- [PROBLEM]:
Repeat the listing that follows exactly. Pictures are not part of the copy.

- [INFORMATION SUPPLIED]:
════════════════════

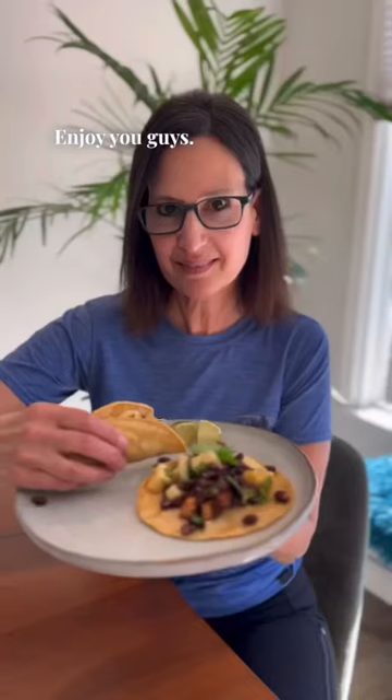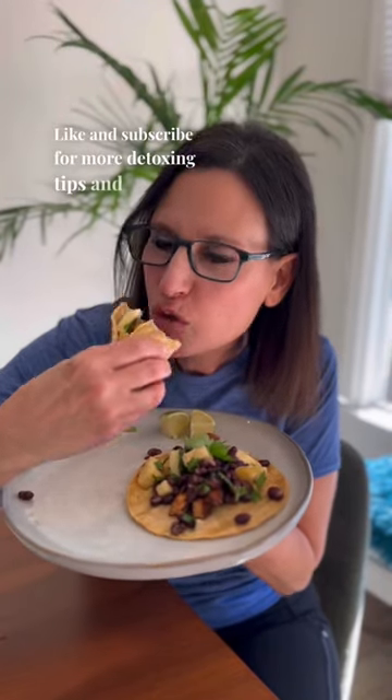Enjoy you guys. Like and subscribe for more detoxing tips and recipes.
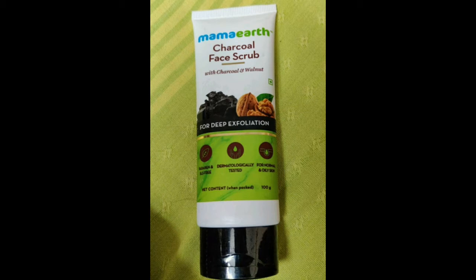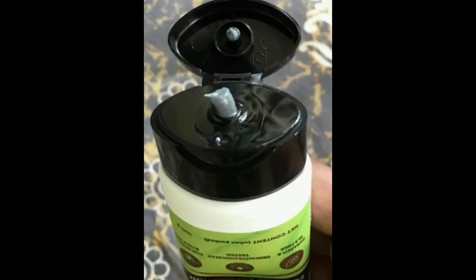The main ingredient is activated charcoal. It removes excess oil and deep cleans pores. This is a cream-based scrub. Walnut helps to exfoliate dead skin cells, remove tan, and give a glow.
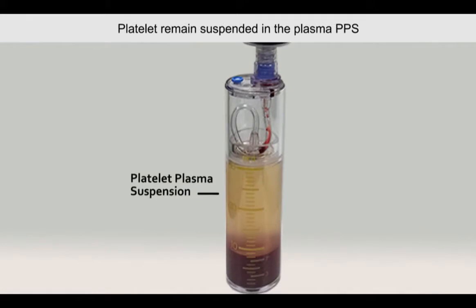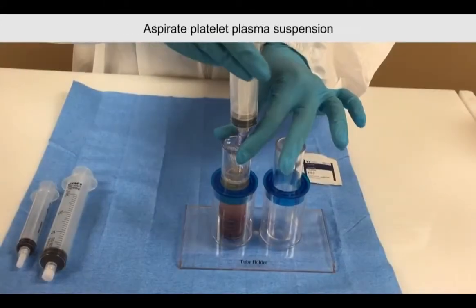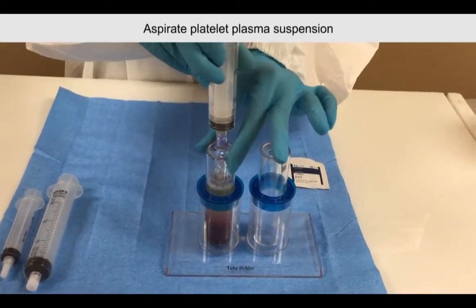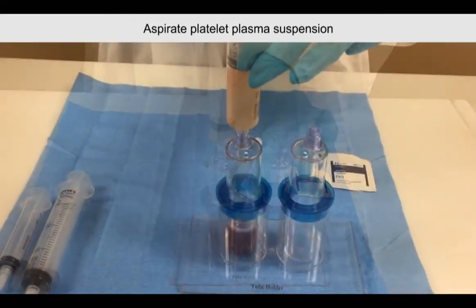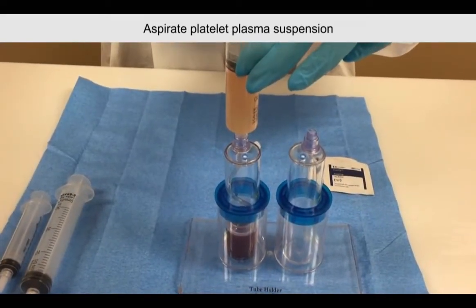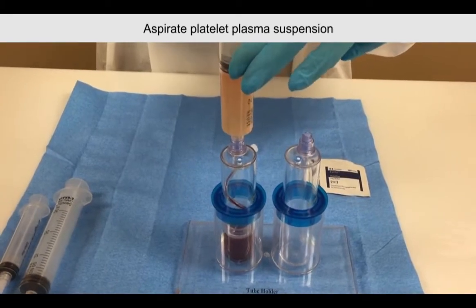When completed, the platelets will remain suspended in the plasma — this is called the platelet plasma suspension. Aspirate only the platelet plasma suspension into the 30ml syringe. It's normal to get small amounts of red blood cells during aspiration.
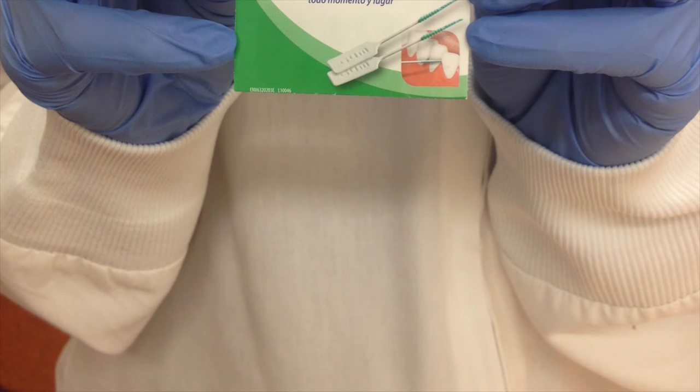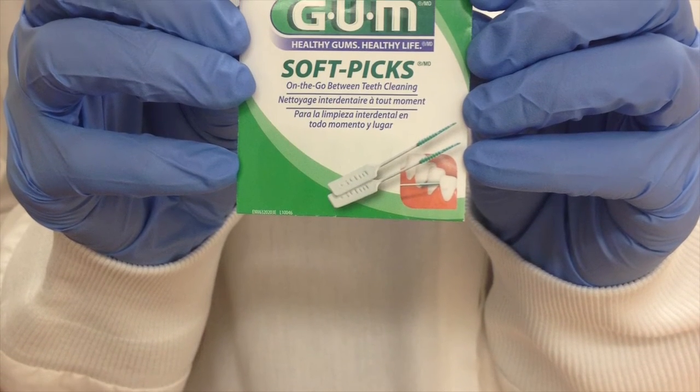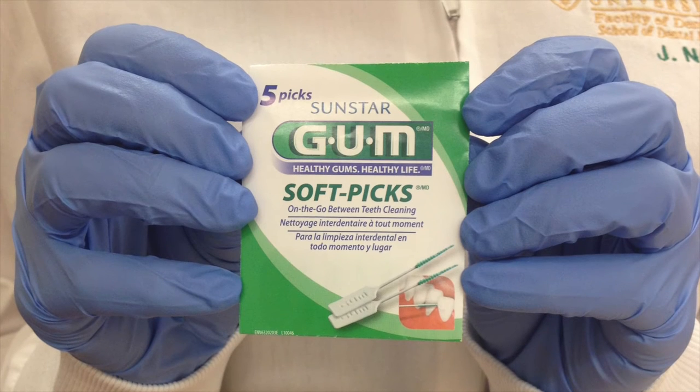Soft picks. A smaller version of a proxy brush. Much like the proxy brush, this is used interdentally. The bristles are much shorter and this may be a better option for patients who do not have quite as large spaces in between the teeth.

════════════════════

- [WRITTEN REPLY]:
Enjoy you guys. Like and subscribe for more detoxing tips and recipes.
The main ingredient is activated charcoal. It removes excess oil and deep cleans pores. This is a cream-based scrub. Walnut helps to exfoliate dead skin cells, remove tan, and give a glow.
When completed, the platelets will remain suspended in the plasma — this is called the platelet plasma suspension. Aspirate only the platelet plasma suspension into the 30ml syringe. It's normal to get small amounts of red blood cells during aspiration.
Soft picks. A smaller version of a proxy brush. Much like the proxy brush, this is used interdentally. The bristles are much shorter and this may be a better option for patients who do not have quite as large spaces in between the teeth.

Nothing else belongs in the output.